End-of-season trip to Sorrento Peninsula and Naples

H.C. Andersen, Freud, and Goethe knew how to find good accommodation, without the use of Google: They have all visited Grand Hotel Cocumella, a former monastery and Latin grammar school in Saint’Agnello, a 10-minutes stroll from Sorrento. Cocumella has a lush convent garden, shady benches, and a large terrace with elevator down to a private sundeck (the elevator is probably a more recent invention).

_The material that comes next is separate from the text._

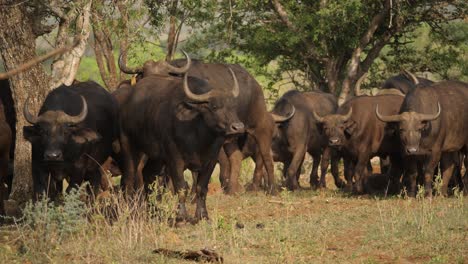 manada de búfalos africanos del cabo deambulan por los árboles del bosque de sabana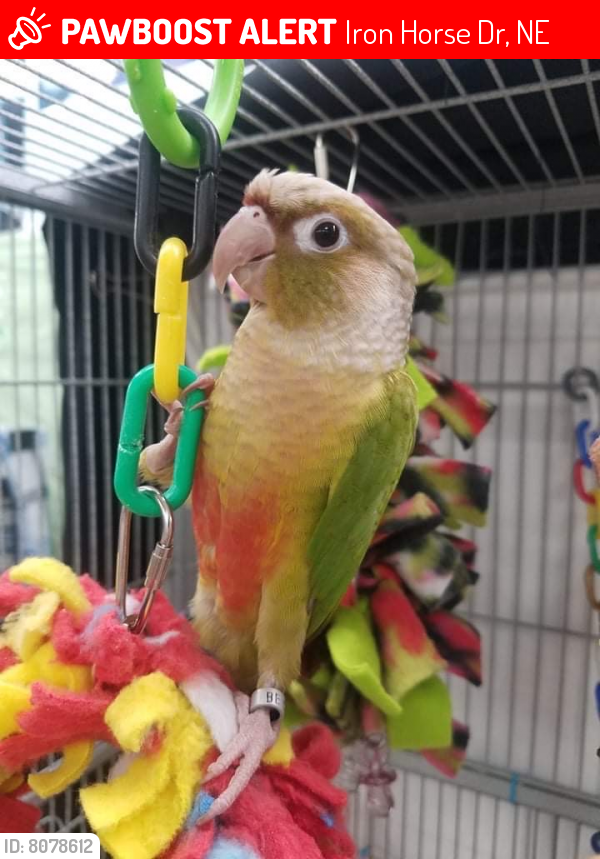 Lost Female Bird in Iron Horse Dr, NE 68003 Named Kiwi (ID 8078612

Cocumella was our home for a week in October. It was fun to encounter two “countrymen” in the hotel book: H.C. Andersen and Vera. The first hardly needs introduction; the latter was built in 1880 as a fishing boat called Gertrud Marie in Svaneke, Denmark. Later, she was fitted out as a ketch, and she now belongs to the owners of Cocumella, who use her for guest excursions. Vera was in a shipyard during our stay, but another tall ship anchored just off the hotel garden.


Pompeii and Vesuvius

It takes 1-1½ hours to drive from Cocumella to Naples. About halfway is Pompeii and Vesuvius. I recommend to take the coastal road, Via Sorrentina: It is more scenic, and you avoid three gloomy tunnels on road SS145, which gives you the feeling of carbon monoxide poisoning!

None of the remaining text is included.